This is the third on a series of posts on what I took away from the final talk at the METM14 conference (part 1 and part 2).
In his talk, Martin Roberts got down to the nitty-gritty of his job with respect to writing about Spanish things in English, showing us, for instance, some recent translations of the tricky-to-translate term imputados — a culture-specific legal term if ever there was one.
He recognised that journalists may not have always got it right and showed us some bad and better attempts at translating this term in the press.
It was insightful to get his take on this term as it was one I’d tracked in the news and had even written this post about.
While it’s true that journalists did often get the translation of this term wrong, I do remember noticing an improvement over time.
When all the corruption cases started coming out, particularly the high profile one involving the present King’s sister, just about all the news media got it wrong and simply translated imputada as “accused” or “charged”.
But as time went on and new corruption cases came out, and the King’s sister’s case dragged out, more nuanced and descriptive translations appeared in the press. The journalists seemed to be learning off each other and gradually improving their translations of the term in its various forms.
Martin at least partly confirmed this by showing there was obviously an awareness that they were getting something wrong. In this sense, journalism seems more dynamic than translation.
The journalist’s attempts at translating tricky terms are out there for all to see. And while they may not get feedback directly from readers (although I’m sure it happens), other journalists will surely take notice of and improve upon your effort if there is any room for it.

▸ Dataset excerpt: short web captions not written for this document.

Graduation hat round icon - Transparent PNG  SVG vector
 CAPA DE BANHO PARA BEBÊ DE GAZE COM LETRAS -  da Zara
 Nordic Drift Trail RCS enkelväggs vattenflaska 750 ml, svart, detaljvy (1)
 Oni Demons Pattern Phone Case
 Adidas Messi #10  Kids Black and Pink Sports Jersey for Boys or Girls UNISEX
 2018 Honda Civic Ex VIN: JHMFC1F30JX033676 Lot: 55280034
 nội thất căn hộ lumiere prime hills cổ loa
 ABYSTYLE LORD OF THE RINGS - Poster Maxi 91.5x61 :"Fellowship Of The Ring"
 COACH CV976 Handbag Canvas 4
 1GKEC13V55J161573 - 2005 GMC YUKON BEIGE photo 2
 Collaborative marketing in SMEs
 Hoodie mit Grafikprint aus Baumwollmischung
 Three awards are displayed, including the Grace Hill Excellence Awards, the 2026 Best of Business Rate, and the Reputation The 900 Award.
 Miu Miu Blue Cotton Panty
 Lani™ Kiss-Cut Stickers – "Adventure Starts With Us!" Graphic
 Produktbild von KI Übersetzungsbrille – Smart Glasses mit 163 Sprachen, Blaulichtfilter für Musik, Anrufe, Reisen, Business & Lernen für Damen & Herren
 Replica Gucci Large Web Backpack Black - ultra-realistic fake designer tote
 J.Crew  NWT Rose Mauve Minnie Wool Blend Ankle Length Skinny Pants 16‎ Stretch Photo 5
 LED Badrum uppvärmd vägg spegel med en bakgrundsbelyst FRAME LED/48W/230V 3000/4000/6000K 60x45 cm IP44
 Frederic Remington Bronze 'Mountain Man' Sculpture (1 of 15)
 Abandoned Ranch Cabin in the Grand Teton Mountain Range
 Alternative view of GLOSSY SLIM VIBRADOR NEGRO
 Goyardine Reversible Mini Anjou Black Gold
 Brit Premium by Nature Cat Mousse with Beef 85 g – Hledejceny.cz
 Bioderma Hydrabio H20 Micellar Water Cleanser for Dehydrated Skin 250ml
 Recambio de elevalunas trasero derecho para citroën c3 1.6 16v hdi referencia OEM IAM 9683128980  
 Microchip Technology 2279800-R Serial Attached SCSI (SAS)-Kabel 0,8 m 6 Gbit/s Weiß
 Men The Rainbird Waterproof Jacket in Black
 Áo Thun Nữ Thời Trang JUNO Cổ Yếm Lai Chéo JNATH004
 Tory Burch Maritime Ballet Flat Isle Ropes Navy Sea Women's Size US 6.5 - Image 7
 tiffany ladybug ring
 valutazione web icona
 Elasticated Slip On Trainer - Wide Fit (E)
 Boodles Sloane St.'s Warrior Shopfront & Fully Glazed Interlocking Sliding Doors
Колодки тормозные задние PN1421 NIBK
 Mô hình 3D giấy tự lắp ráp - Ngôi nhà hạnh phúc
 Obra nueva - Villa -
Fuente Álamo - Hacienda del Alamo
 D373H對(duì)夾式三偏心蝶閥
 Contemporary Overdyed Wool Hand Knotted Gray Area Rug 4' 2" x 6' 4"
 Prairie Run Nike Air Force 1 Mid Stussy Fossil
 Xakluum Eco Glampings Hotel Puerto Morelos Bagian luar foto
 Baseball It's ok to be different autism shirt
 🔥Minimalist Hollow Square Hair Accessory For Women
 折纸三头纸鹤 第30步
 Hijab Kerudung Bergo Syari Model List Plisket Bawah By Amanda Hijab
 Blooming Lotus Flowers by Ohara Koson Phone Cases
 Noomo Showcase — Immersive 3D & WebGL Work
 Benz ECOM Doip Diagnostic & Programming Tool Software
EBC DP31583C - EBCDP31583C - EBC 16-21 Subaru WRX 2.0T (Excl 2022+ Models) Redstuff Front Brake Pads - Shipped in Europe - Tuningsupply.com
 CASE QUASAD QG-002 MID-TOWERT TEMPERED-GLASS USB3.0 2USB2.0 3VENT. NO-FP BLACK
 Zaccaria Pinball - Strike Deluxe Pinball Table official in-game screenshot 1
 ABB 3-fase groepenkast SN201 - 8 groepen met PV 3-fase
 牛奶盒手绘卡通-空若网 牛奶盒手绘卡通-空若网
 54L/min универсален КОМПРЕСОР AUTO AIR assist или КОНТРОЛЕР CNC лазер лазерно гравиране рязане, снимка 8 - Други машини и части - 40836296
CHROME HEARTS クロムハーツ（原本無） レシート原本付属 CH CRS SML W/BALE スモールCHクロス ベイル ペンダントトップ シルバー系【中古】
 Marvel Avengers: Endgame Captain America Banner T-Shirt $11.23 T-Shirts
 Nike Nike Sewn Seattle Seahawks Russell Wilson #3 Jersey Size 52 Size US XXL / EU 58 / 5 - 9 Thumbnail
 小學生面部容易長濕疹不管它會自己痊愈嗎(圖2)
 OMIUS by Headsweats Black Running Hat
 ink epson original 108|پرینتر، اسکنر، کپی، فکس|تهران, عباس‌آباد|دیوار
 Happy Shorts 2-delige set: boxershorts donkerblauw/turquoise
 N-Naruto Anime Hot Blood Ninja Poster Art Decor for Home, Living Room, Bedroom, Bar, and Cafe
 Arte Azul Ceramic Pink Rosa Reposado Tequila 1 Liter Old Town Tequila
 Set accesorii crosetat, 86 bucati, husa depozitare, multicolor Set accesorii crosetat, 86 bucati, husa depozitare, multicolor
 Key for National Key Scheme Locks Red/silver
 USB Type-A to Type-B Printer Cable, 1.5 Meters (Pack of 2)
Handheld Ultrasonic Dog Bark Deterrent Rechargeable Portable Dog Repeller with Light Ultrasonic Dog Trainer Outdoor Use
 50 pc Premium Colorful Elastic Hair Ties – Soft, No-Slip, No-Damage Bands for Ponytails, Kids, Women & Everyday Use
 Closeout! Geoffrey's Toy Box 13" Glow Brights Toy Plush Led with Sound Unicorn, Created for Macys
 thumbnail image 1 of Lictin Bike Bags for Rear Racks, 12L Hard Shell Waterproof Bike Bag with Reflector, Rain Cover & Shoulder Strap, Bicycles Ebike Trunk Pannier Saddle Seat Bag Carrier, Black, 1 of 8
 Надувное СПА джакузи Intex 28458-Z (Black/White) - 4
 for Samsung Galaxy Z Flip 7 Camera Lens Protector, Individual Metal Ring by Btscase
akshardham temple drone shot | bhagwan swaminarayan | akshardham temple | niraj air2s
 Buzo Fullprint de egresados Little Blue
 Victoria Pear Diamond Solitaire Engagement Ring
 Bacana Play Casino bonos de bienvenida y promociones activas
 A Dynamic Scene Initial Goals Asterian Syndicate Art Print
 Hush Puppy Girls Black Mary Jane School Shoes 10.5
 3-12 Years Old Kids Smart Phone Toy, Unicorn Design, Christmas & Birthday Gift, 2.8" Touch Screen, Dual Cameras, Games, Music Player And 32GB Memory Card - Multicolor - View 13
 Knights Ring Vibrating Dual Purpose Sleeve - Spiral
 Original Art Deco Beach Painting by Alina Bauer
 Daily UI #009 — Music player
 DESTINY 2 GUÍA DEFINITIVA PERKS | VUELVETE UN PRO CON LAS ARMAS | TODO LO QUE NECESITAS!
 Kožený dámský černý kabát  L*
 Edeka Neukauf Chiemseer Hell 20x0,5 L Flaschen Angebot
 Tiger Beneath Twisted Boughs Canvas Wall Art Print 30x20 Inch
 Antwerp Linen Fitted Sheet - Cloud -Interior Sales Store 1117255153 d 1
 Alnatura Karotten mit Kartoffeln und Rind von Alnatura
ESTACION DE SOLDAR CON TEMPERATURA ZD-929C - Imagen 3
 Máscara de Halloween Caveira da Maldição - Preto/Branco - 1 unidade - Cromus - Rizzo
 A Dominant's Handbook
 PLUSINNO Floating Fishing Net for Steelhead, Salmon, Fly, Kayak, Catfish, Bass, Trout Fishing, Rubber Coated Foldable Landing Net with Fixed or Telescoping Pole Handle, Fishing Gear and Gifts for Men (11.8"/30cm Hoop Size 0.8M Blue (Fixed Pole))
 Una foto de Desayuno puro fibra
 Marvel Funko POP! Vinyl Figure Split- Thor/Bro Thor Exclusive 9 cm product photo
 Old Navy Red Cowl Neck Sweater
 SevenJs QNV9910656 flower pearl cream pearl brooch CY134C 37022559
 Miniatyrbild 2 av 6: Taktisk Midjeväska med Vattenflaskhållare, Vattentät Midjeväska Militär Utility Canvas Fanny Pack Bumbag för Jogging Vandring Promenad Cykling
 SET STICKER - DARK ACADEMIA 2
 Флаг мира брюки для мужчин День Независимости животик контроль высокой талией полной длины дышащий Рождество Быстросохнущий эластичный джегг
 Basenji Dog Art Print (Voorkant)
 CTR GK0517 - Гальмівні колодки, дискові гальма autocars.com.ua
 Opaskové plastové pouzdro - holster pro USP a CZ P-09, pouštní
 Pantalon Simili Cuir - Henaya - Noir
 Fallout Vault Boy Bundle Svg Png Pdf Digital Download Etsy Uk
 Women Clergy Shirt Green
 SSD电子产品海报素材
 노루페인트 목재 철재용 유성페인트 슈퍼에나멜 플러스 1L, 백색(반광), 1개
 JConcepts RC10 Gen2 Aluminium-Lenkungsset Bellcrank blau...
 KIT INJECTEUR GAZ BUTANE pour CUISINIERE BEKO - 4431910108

The translation world seems more static in this respect. Translators do help each other with tricky terms, in different places on the Web, but you rarely get to see the final solution in its context, and thus don’t really get a chance to see how it works or doesn’t and maybe improve on it in the same way.
There also appears to be a tendency to place more faith than may be deserved in existing translations found in one place or another (dictionaries or answers to previous questions in help forums), which may or may not reflect the same context as the present problem and may or may not have been dealt with adequately in the first place.
Either way, it’s good to be able to take advantage of the work journalists do in their more dynamic world when the opportunity arises (i.e., when a news item means they have to translate a tricky term of interest) and look to see how they handle things we may have been struggling away with for years without going anywhere very interesting. At the very least, they may provide a different perspective.
Excellent post. I also translate these difficult and often long drawn out legal Dockets. I was stumped when I came accross Imputación Principal which I translated as the Main Charge in a number of additional charges filed against a large number of defendants or suspects (imputados) as you well put it.
Hi Christine, Thanks for your comment!